Quand nous parlons de migrants nous ne faisons pas la distinction et ces citoyens français, qui sont citoyens français par acquisition, mais pas obligatoirement, nous les traitons en bloc avec les autres, or d’un simple point de vue républicain ça devrait être absolument proscrit. C’est encore plus extraordinaire quand il s’agit comme on le dit des gens « issus de l’immigration » et qui sont nés ici. Ils sont citoyens français : qu’est ce qu’on a besoin de leur imposer une sorte de marque qui les assimile aux migrants ?

Notre discours même est biaisé dans cette affaire. Je suis en train de lire avec passion un ouvrage de Victor Klemperer La langue du Troisième Reich4, que j’aurais dû lire depuis longtemps. Nous avons, je crois, des mécanismes d’euphémisation du même genre dans notre discours. Un terme que je n’aime pas du tout et que j’entends beaucoup trop souvent c’est celui de flux migratoire. Le « flux migratoire », c’est le type même de cet euphémisme abstrait qui nous permet d’oublier qu’il s’agit d’hommes, de femmes et d’enfants et que le « contrôle des flux migratoires » c’est des fils de fer barbelés, c’est des expulsions, c’est des gardes-côtes qui coulent des embarcations, etc. Nous avons là une sorte de langage technocratique et abstrait qui à beaucoup d’égard rappelle la langue du Troisième Reich telle qu’elle est décrite par Klemperer. Je ne veux pas faire de rapprochement abusif, mais les mécanismes linguistiques sont très proches les uns des autres.

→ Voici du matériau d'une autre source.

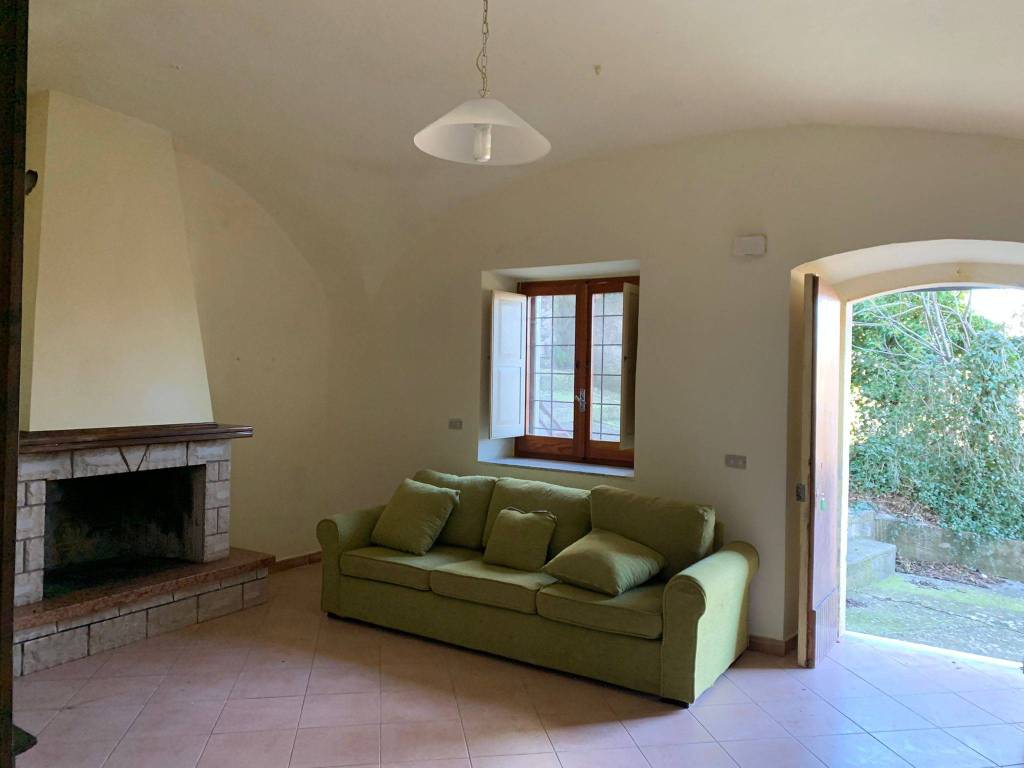Casa indipendente a Montaquila in Via Fonte - Foto 2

On peut prendre d’autres exemples : le fait qu’aujourd’hui, en tout cas dans le discours français, dans la terminologie les pauvres sont remplacés par les défavorisés, les opprimés – opprimés cela signifie qu’il y a un oppresseur – sont remplacés par les exclus, formulation beaucoup plus vague5. J’insiste parce que c’est aussi une bataille que nous devons mener contre nous-mêmes pour échapper à l’emprise empoisonnée de ce discours auquel on échappe difficilement parce qu’il est parlé par les autorités, par les médias et par le pouvoir.

En France, la substitution du terme « émigré » par le terme « étranger » a des conséquences dramatiques  pour la situation française elle-même. Ne serait-ce que parce que du même coup elle constitue toute une partie des citoyens français en « étrangers ».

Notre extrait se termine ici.